2015 Sundance Film Festival Excellence In Editing Award Dramatic
The film starts brightly, the likeable main characters being obsessed with retro hip-hop and some funny scenes and feels like House Party Kid and Play if anyone remembers that, it all gets quite similar to the series Snowfall for the middle section i.e. young nerdy guy gets tough with drug/gang people and there are some good actions scenes a bit like Crank and then will he get the girl scenes but then it gets political towards the end and although I see what the message is (no spoilers!), I fast forwarded the end a bit as I really set out to watch a high school comedy which this film kind of achieves for the most part.
Well made and acted film with good comedy drama sections but a serious message at the end. Overall it needs to make its mind up what it actually wants to be, but original, not bad at all and there is a twist 3/4s of the way through which I enjoyed.
Dope exists as a very different coming-of-age tale both unique and strange. Upon first glance, I thought the movie took place in 1990’s Los Angeles with the presence of clothing, hair and accessories from that decade. As it turns out these are only elements of high school kids that adore the 1990’s. Black and latino, they are the new nerds of the 21st century with their stellar grades and outsider mentality, doomed to the issues of inner-city life. But what could have been a new and smart take on Revenge of the Nerds ends up being a bit of a mess in trying to say and do too much.
Our plucky protagonist is high school student Malcolm (Shameik Moore), a flat-top kid who appreciates old school hip hop and favors writing school papers about Ice Cube’s “Today Was A Good Day”. He’s an exceptionally smart kid who has dreams of Harvard, but everyone, including his school advisors, believe it to be a hopeless dream. School cops don’t take him seriously and drug dealers push him around. And, yet, Malcolm continues to push on with his nerdy friends and their band of oddly uplifting and explicit lyrics. They are an odd lot.
And the plot is even odder. Malcolm becomes mixed up in a violent drug deal gone wrong. The prospect of having sex with a woman apparently makes him willing to throw himself into parties of drugs, gang violence and the potential of being arrested. His goals than shift between making out with the hottest women of the gangster life, making it into college and selling drugs off on the online black market.
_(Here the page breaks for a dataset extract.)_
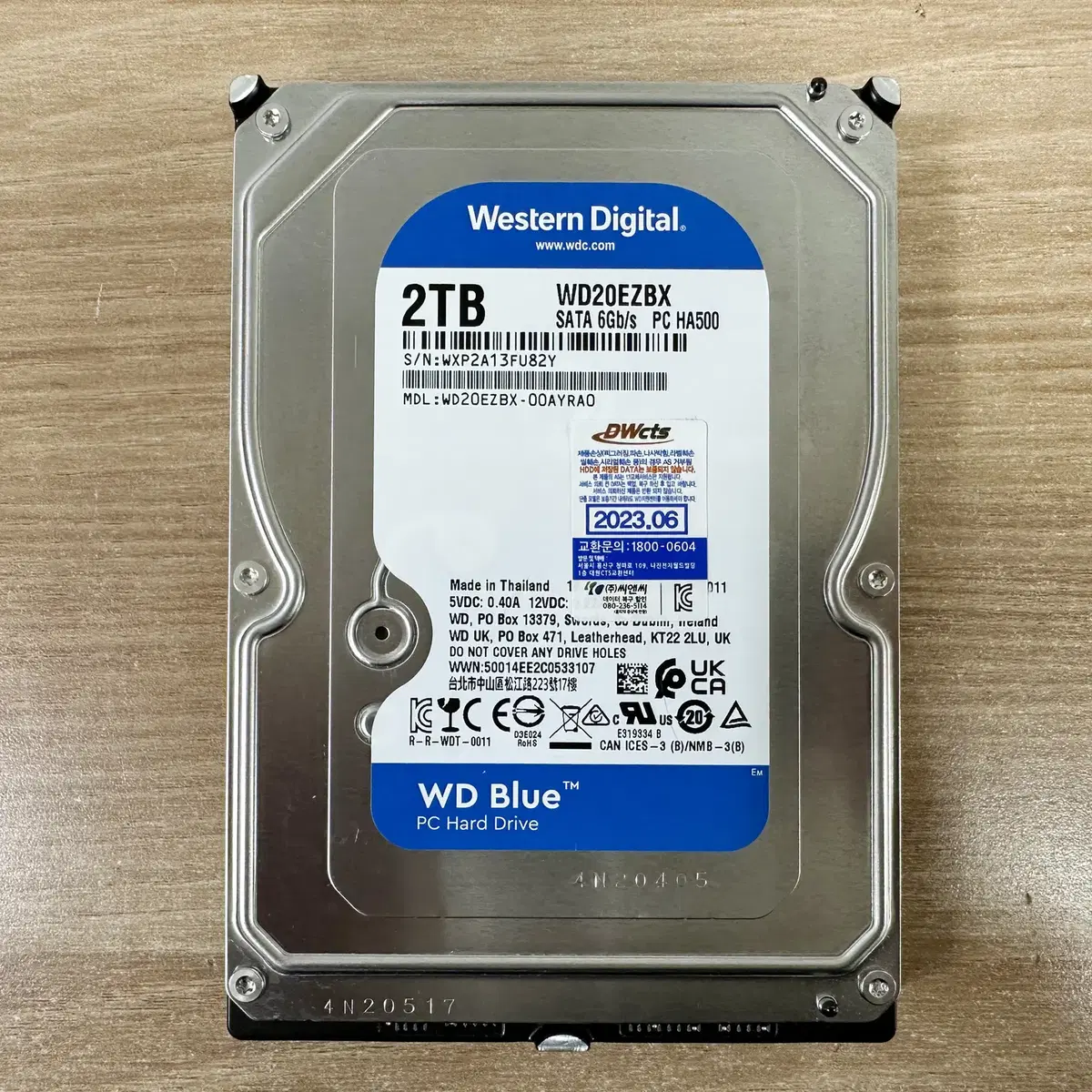 2TB WD Blue 7200/256M WD20EZBX (무상 AS남음)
Somehow all of this culminates into a message about racism and classism with an ending that comes off more cynically sad than cleverly wise.
The picture almost comes off as a millennial twist on Revenge of the Nerds and Porky’s, almost as if it were a parody of placing a politically correct vibe on 80’s comedy. But then the movie becomes more stylistically action-oriented when real gang violence breaks out with bloody gunfights. Death is treated as a more common ordeal as the picture opens with a nerd meeting his end and the other nerds attempting to woo his mother for his comic book collection. And then there are more stylistic choice of rewinding events from different angles, wild drug-fueled sex, music-making montages and a corporate hostage negotiation of ill-gotten gains in the form of bitcoins. This movie refuses to be defined or pick a tone. Maybe it doesn’t want to, seeing itself as a defiant outsider and rebel of the teen movies.
Thankfully, Dope has charm in its smattering of characters. It’s hard not to root for Malcolm as he struggles to use his head while keeping it low enough to not get killed. When presented with a terrible situation, he makes the intelligent decisions to work through it. He has the courage and determination to turn a bag full of drugs into his ticket to college. He can talk the talk and walk the walk when dealing with everything some seedy dealers to corporate manipulators. I also dug his band of nerd warriors that include a wisecracking latino, a quick-witted black lesbian and a curly-haired white stoner.
Dope is hard to pin down in its tone, harder to follow in its progression and nearly impossible to comprehend its character motivations. The likability is fairly high with characters you want to succeed, but at what I’m not entirely sure. Should Malcolm’s music group take off or should he excel at Harvard in an undisclosed profession? Should he become an expert drug dealer or major in corporate finance? Even the grand finale of his college goals are kept vague as a challenge to the audience. I really do like the pluck and charisma of Dope, but I still found it frustrating how it couldn’t decide on one of the five movies it was trying to be.